How do logic units preserve procedural coherence better than chunks?

Can structured retrieval units with prerequisites, headers, bodies, and linkers maintain step-by-step coherence in how-to answers where fixed-size chunks fail? This matters because procedural questions require sequential logic and conditional branching that chunk-based RAG cannot support.

Synthesis note · 2026-02-22 · sourced from Question Answer Search

RAG systems overwhelmingly use fixed-size chunks as their retrieval granularity. This works acceptably for factoid "5W" questions (who, what, where, when, why) where the answer is localized. It fails systematically for "1H" questions — how-to questions — which require sequential, procedurally coherent answers where step ordering, prerequisites, and conditional branching matter.
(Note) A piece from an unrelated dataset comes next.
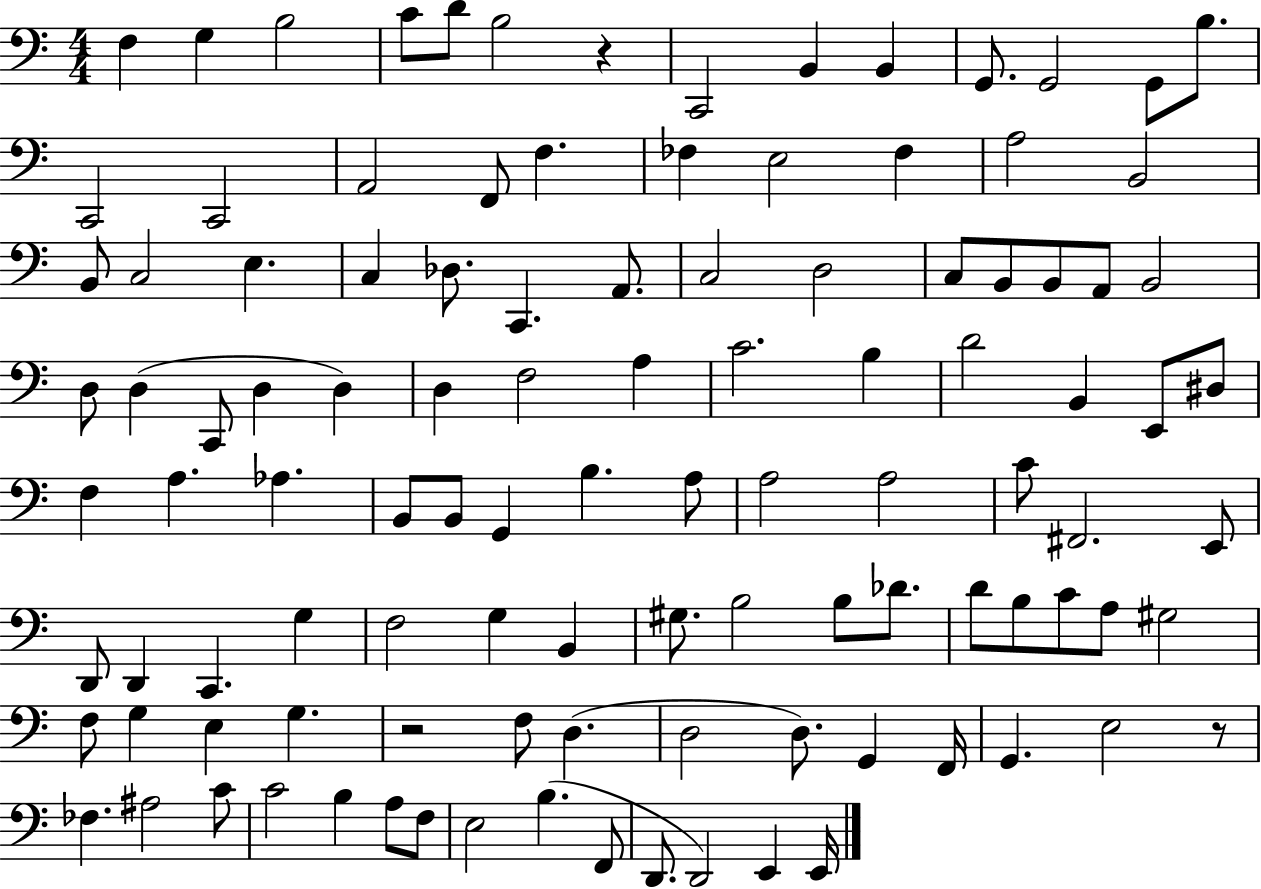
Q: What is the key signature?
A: C major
THREAD proposes logic units (LUs) as an alternative retrieval granularity with four components:

Prerequisite: information needed to understand the LU — domain terminology, abbreviations, constraints that must be met. Functions both as context supplement (preventing hallucination from decontextualized chunks) and as filter (excluding irrelevant LUs based on unmet constraints).
Header: summary or intent description, used for indexing. Unlike chunks that index the entire content, headers enable intent-based retrieval — matching queries to the purpose of the LU rather than its surface content.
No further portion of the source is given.